Le risque de privatisation retient longuement l’attention des délégués syndicaux et quand leur interlocuteur leur assure que l’État s’assurera une minorité de blocage de 33,4 % dans le groupe, augmentant ainsi globalement sa participation financière, ils ne se montrent point convaincus, subodorant des manœuvres de regroupement d’actions dispersés pour permettre à des intérêts privés de reprendre le dessus.
Le statut social du groupe projeté préoccupe donc les salariés de la SFENA, qui redoutent la « dénationalisation » et la perte d’un certain nombre d’avantages acquis. Syndicalement parlant, l’objectif pour eux est d’obtenir l’addition des avantages. Le sous-préfet leur donne à entendre que la solution retenue risque plutôt d’être une solution moyenne étant entendu que chaque société a ses points forts et ses points faibles.
Sur le plan technologique, conscients (et fiers de leur avance), les délégués de la SFENA observent que des ingénieurs du groupe partenaire se trouvent déjà dans leurs ateliers.
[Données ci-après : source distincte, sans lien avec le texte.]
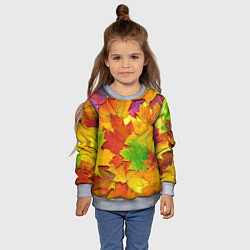 Свитшот детский Осенние листья, цвет: 3D-меланж — фото 2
Ils se sentent dépossédés avant l’heure de procédés dont Crouzet, disent-ils, a besoin en raison même de son retard dans certains domaines.
En ce qui concerne les modalités de mise en place du protocole, ils s’étonnent que le volet « capitalistique » du montage financier et de la gestion dont l’entrée en vigueur est prévue pour juillet ait la priorité sur le montage social, relatif au statut du personnel, prévu pour décembre...
A noter que les syndicats font également part au sous-préfet de leurs incertitudes au sujet de la politique d’équipement aéronautique. « Les crédits d’études de Concorde ont été abolis ; enfin, n’est-ce pas sur notre insistance que l’on a consenti à équiper l’Airbus d’un moteur français avec, il est vrai, une participation américaine ? ».
Confirmation pour la deuxième unité de la SFENA
(objectif deux cent emplois)
Cela ne change rien au projet de la SFENA d’implanter, conformément à ce qui avait été annoncé au printemps dernier par MM. Monory et Abelin, une seconde unité de fabrication, M. Pagnard en a donné confirmation hier matin à l’occasion de sa visite. Cette usine sera implantée dans la zone industrielle Nord. Le sous-préfet (qui s’attira cette réflexion des délégués - « Tiens, vous semblez mieux informé que nos dirigeants ! ») croit pouvoir dire que la fabrication aura trait à l’électronique et à l’optique. L’accord pour l’achat des terrains ayant été conclu en novembre, la SFENA décide de passer dès maintenant à la construction de l’unité, d’en définir le programme, d’en prévoir le financement, de manière sûre dans des conditions très satisfaisantes le suivi projet ».
Après avoir fait observer qu’au plan national « le rapprochement de la SFENA et de Crouzet est celui de deux entreprises saines et en expansion » aboutissant à « un groupe dynamique et opérant sur un secteur porteur », le sous-préfet indiquant que la SFENA a pour objectif la création d’ici à 1984, de deux cents emplois dans sa seconde unité, se félicita de cette extension pour l’avenir du Châtelleraudais. Il persiste à y voir un élément positif pour l’économie, même si ses interlocuteurs craignent mutations, transferts ou encore compensations pour suppression d’emplois dans l’usine actuelle par suite du regroupement.
« Je ne peux rien vous garantir et je ne vous garantirai jamais rien » leur a dit le PDG qui, il est vrai, doit aussi compter avec la conjoncture.